GOAL OF THE EXERCISE =
Among the lines below, keep only those from the one containing "Weider Premium Whey" through the one containing "Buck Pursuit LG", and reproduce them exactly.

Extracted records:

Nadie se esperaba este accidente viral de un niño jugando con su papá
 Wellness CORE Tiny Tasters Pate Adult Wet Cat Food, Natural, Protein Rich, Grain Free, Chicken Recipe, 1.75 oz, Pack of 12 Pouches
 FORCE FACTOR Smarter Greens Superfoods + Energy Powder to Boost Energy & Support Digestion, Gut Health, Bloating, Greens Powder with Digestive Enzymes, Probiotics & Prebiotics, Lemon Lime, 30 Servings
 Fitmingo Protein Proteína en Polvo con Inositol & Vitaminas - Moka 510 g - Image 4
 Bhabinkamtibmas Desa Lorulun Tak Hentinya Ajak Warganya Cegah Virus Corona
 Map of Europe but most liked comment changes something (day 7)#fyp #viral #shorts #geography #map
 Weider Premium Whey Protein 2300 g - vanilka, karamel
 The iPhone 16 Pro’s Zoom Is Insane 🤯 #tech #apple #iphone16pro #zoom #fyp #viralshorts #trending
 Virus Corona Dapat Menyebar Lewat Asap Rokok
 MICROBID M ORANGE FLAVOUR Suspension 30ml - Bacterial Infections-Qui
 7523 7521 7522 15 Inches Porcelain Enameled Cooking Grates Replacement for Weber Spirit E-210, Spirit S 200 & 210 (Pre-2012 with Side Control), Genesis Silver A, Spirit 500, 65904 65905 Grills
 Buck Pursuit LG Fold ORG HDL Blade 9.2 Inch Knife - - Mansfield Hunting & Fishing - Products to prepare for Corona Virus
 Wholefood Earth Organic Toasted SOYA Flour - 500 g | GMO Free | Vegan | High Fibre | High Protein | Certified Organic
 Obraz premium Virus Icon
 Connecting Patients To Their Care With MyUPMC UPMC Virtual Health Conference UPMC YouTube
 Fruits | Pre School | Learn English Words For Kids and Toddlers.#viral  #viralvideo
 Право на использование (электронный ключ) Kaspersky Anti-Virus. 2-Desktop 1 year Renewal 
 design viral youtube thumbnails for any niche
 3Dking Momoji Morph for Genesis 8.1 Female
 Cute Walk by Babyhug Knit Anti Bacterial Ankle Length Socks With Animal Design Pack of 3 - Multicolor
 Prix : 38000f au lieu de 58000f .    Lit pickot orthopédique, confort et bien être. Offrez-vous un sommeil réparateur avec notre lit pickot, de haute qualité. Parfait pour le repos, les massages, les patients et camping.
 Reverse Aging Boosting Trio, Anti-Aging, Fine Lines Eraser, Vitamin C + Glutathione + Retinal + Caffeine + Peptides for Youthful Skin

TASK SOLUTION =
 Weider Premium Whey Protein 2300 g - vanilka, karamel
 The iPhone 16 Pro’s Zoom Is Insane 🤯 #tech #apple #iphone16pro #zoom #fyp #viralshorts #trending
 Virus Corona Dapat Menyebar Lewat Asap Rokok
 MICROBID M ORANGE FLAVOUR Suspension 30ml - Bacterial Infections-Qui
 7523 7521 7522 15 Inches Porcelain Enameled Cooking Grates Replacement for Weber Spirit E-210, Spirit S 200 & 210 (Pre-2012 with Side Control), Genesis Silver A, Spirit 500, 65904 65905 Grills
 Buck Pursuit LG Fold ORG HDL Blade 9.2 Inch Knife - - Mansfield Hunting & Fishing - Products to prepare for Corona Virus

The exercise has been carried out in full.